[Extracted information]
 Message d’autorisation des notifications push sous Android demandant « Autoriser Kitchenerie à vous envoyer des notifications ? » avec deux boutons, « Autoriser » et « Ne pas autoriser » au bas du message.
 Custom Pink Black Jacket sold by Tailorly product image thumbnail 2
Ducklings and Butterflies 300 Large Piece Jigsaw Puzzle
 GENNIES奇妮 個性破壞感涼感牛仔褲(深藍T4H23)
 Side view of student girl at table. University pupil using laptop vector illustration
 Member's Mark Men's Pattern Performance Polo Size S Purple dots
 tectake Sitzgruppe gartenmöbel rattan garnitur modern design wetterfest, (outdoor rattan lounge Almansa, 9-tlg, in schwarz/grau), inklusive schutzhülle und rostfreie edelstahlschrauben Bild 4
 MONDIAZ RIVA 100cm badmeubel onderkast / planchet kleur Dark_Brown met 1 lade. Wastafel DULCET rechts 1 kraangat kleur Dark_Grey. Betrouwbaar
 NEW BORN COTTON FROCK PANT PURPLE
[/Extracted information]
[Extracted information]
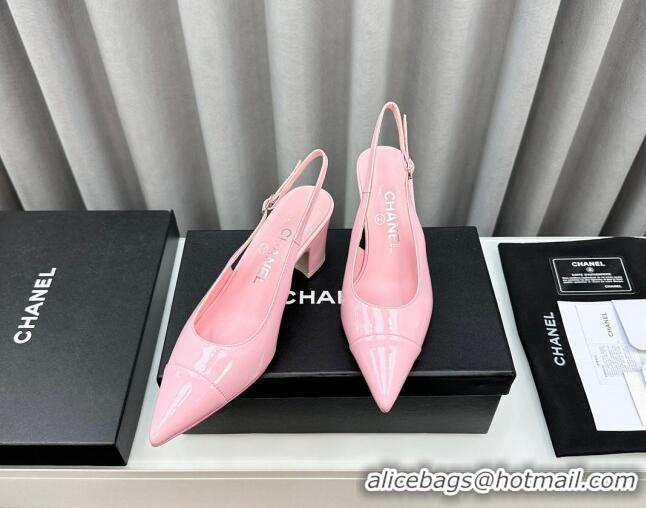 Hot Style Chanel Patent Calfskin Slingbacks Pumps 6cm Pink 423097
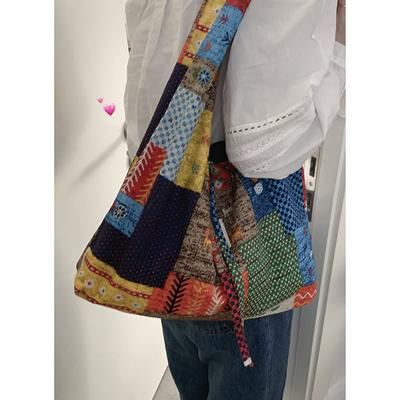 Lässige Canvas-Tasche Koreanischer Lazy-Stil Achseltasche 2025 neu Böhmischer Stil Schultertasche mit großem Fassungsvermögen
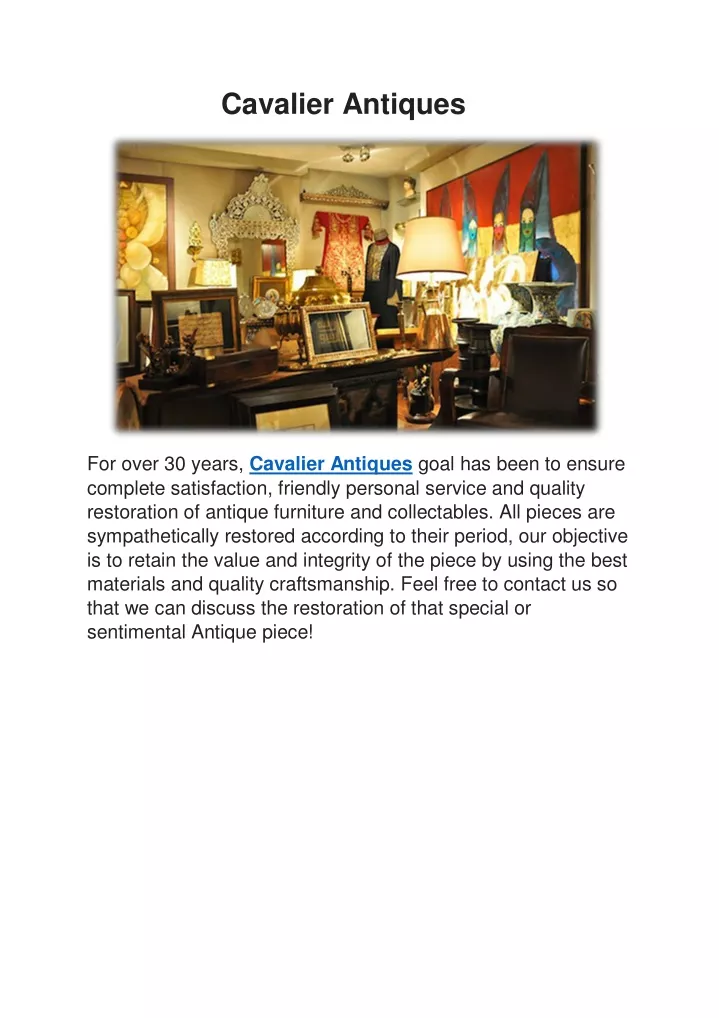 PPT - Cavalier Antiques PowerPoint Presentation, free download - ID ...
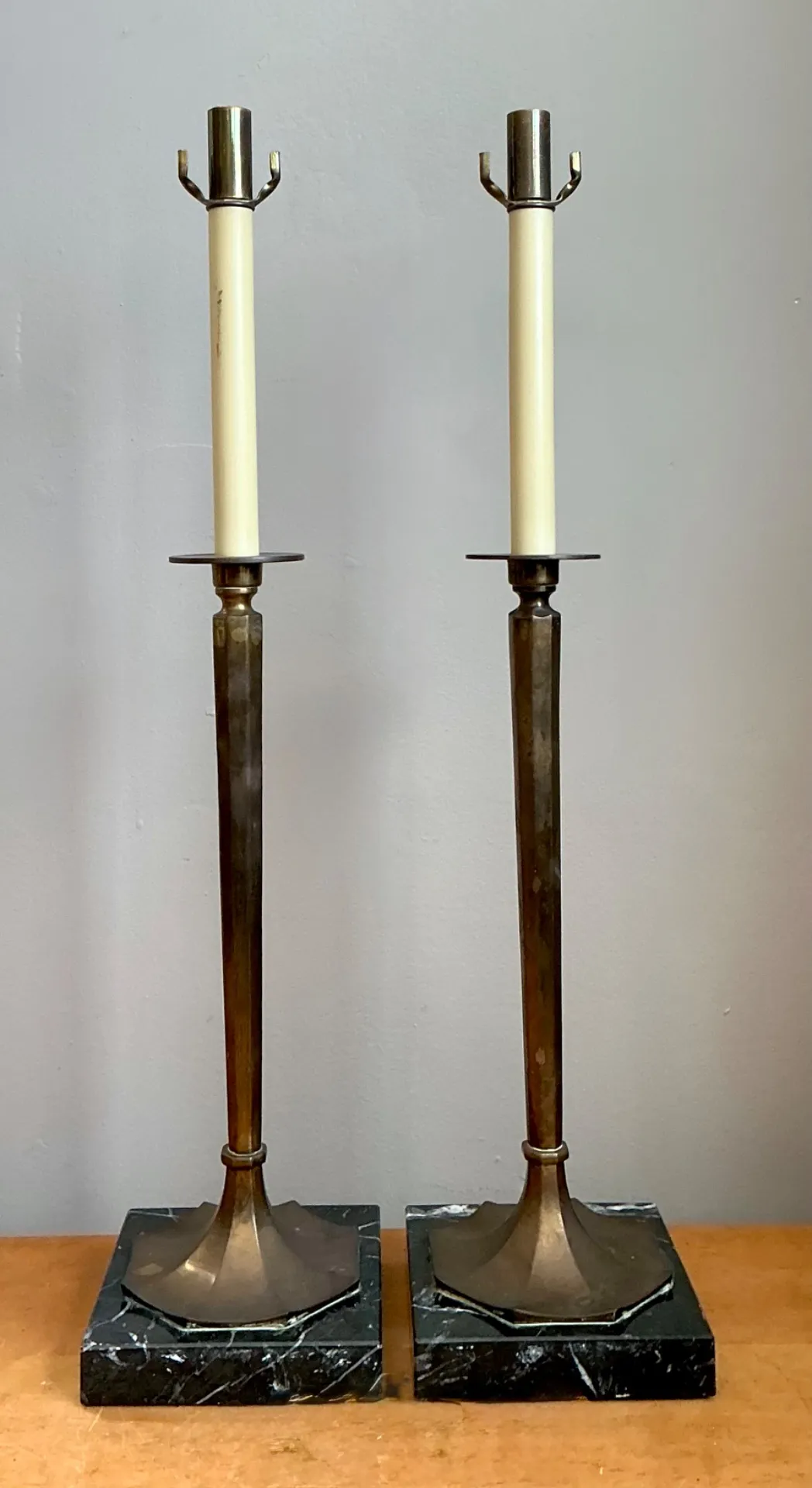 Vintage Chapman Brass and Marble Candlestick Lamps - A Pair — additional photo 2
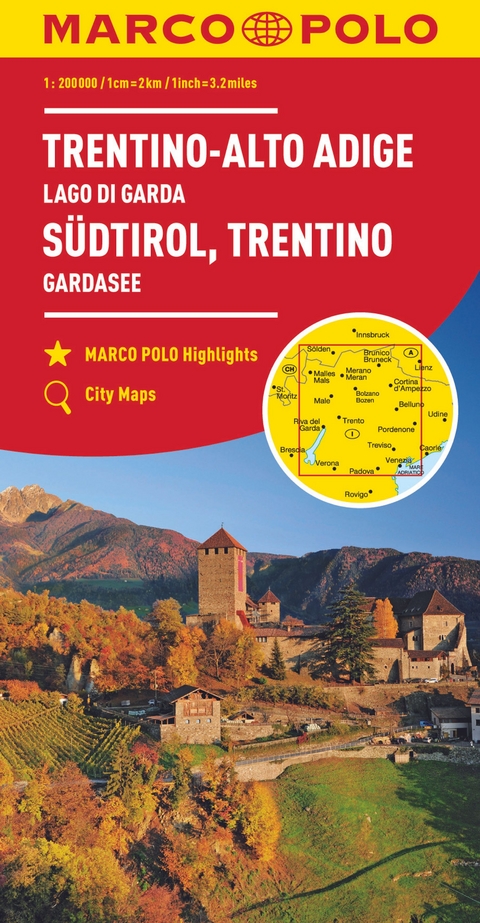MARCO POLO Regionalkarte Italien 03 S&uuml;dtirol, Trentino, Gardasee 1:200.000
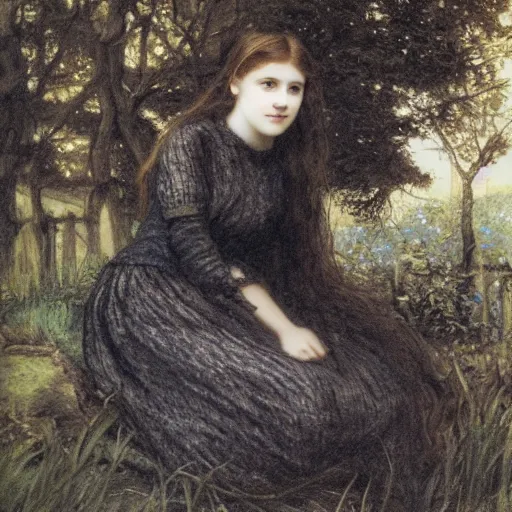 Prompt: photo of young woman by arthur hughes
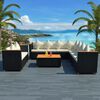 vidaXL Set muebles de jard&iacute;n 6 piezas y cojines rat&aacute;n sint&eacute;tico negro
[/Extracted information]
• [Directions for this task] All lines above from the one holding "Message d’autorisation des" to the one holding "NEW BORN COTTON FROCK PANT PURPLE", inclusive, are to be copied exactly; no other line is wanted.

• [Result below]
 Message d’autorisation des notifications push sous Android demandant « Autoriser Kitchenerie à vous envoyer des notifications ? » avec deux boutons, « Autoriser » et « Ne pas autoriser » au bas du message.
 Custom Pink Black Jacket sold by Tailorly product image thumbnail 2
Ducklings and Butterflies 300 Large Piece Jigsaw Puzzle
 GENNIES奇妮 個性破壞感涼感牛仔褲(深藍T4H23)
 Side view of student girl at table. University pupil using laptop vector illustration
 Member's Mark Men's Pattern Performance Polo Size S Purple dots
 tectake Sitzgruppe gartenmöbel rattan garnitur modern design wetterfest, (outdoor rattan lounge Almansa, 9-tlg, in schwarz/grau), inklusive schutzhülle und rostfreie edelstahlschrauben Bild 4
 MONDIAZ RIVA 100cm badmeubel onderkast / planchet kleur Dark_Brown met 1 lade. Wastafel DULCET rechts 1 kraangat kleur Dark_Grey. Betrouwbaar
 NEW BORN COTTON FROCK PANT PURPLE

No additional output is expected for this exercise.